Certes, le contenu et les modalités avancées dans le communiqué d’ETA autorisent un certain scepticisme. Mais, aujourd’hui, que ce soient les spécialistes internationaux ou la société civile basque, on s’interroge sur les aspirations réelles du gouvernement espagnol en matière de paix. En mars 2010, la condamnation d’Arnaldo Otegi à deux ans de prison ferme avait marqué les esprits. À la tête de Batasuna, Otegi était un interlocuteur de choix car il avait pris ses distances avec la stratégie d’ETA et représentait la frange la moins « dure » de sa formation politique. Mais surtout, le 15 septembre, soit dix jours après l’annonce de la trêve, Madrid réanimait les tensions en répondant au processus de paix engagé par une vague d’arrestations au sein de la plateforme indépendantiste Ekin. Et, ce mardi, la police espagnole procédait à l’arrestation de 7 militants d’Askapena, organisation considérée par Madrid comme la branche de propagande à l’étranger d’ETA. « Le gouvernement espagnol recherche le statu quo, regrette Inaki Barcena, professeur de sciences politiques à l’UPV de Bilbao, un terrorisme de basse intensité lui convient, comme une variable d’ajustement.

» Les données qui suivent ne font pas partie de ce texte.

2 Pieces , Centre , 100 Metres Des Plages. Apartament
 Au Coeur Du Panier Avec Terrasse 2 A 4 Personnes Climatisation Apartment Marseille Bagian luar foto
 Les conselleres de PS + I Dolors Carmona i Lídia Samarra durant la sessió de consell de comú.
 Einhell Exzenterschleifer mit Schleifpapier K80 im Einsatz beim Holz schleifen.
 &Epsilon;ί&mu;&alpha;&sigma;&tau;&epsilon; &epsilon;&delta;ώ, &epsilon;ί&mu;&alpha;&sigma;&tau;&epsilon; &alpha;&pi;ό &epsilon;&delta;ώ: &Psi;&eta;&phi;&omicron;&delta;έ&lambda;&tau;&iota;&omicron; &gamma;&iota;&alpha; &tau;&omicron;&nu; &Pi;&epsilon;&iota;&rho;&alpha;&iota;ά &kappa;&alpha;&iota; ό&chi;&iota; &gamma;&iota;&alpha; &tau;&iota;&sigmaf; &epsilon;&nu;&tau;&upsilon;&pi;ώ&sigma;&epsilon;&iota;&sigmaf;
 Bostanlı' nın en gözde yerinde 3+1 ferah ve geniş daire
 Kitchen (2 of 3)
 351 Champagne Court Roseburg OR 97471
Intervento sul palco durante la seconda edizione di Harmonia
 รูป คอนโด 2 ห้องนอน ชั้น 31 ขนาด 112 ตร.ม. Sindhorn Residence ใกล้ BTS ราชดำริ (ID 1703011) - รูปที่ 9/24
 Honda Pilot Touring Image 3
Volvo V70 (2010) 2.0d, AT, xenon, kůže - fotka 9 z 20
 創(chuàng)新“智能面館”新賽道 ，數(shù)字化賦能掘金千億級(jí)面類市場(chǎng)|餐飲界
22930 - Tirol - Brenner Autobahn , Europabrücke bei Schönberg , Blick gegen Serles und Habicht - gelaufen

Cela fédère les électeurs autour de la menace d’un ennemi commun et légitime les dérives répressives à ­l’encontre des mouvements sociaux. » Amnesty International dénonce régulièrement les autorités espagnoles pour « torture » et « violation du droit à un procès équitable » à l’encontre de militants basques, écologistes ou d’extrême gauche.

Un autre cas emblématique de la dérive « antiterroriste » de la société espagnole demeure la procédure contre le journal Egunkaria. Acte rarissime en Europe, en février 2003, un juge espagnol ordonnait la fermeture de l’unique quotidien publié en basque. En janvier 2010, la plupart des charges ont été abandonnées par l’accusation.
Depuis dimanche 26 septembre, le lendemain de l’appel de Guernica, dans un entretien accordé au quotidien bilingue Gara, deux membres de l’organisation expliquent qu’ETA est prêt à remplir les conditions énoncées en mars dans la déclaration de Bruxelles en vue d’un cessez-le-feu « permanent et vérifiable ». On compte onze trêves de l’organisation armée mais seulement trois ont été réellement accompagnées par un processus politique majeur : Lizarra-Garazi en 1998, Loiala 2006 et l’actuelle.
« Depuis la mort de l’etarra [militant basque] Argara en 1978, le mouvement indépendantiste basque a obéi à un schéma dans lequel la tête était militaire et incarnée par ETA. Actuellement, le schéma est renversé, et la composante militaire n’est plus le protagoniste principal », explique Martin Aldalur, journaliste à la BBC et correspondant à Londres pour le quotidien basque Berria. Il ne fait cependant pas de conclusions hâtives : « La clandestinité militaire génère une autre logique, fondée sur la primauté du rapport de force et le culte de la radicalité. L’ETA reconnaîtra difficilement sa défaite sans ­contre­partie. » De son côté, l’universitaire Mario Zubiaga est convaincu qu’une rupture prématurée de cette dernière trêve signerait définitivement la fin politique de l’ETA : « La trêve de Lizarra a été concédée par l’ETA à la demande du PNV, la deuxième est intervenue après des pourparlers avec le PSOE [Loiola]. Cette fois, ETA concède ce cessez-le-feu à son ­propre camp : la gauche Abertzale. Il sera maintenant très difficile de la ­rompre sans engendrer un clash violent au sein de sa base » , conclut-il.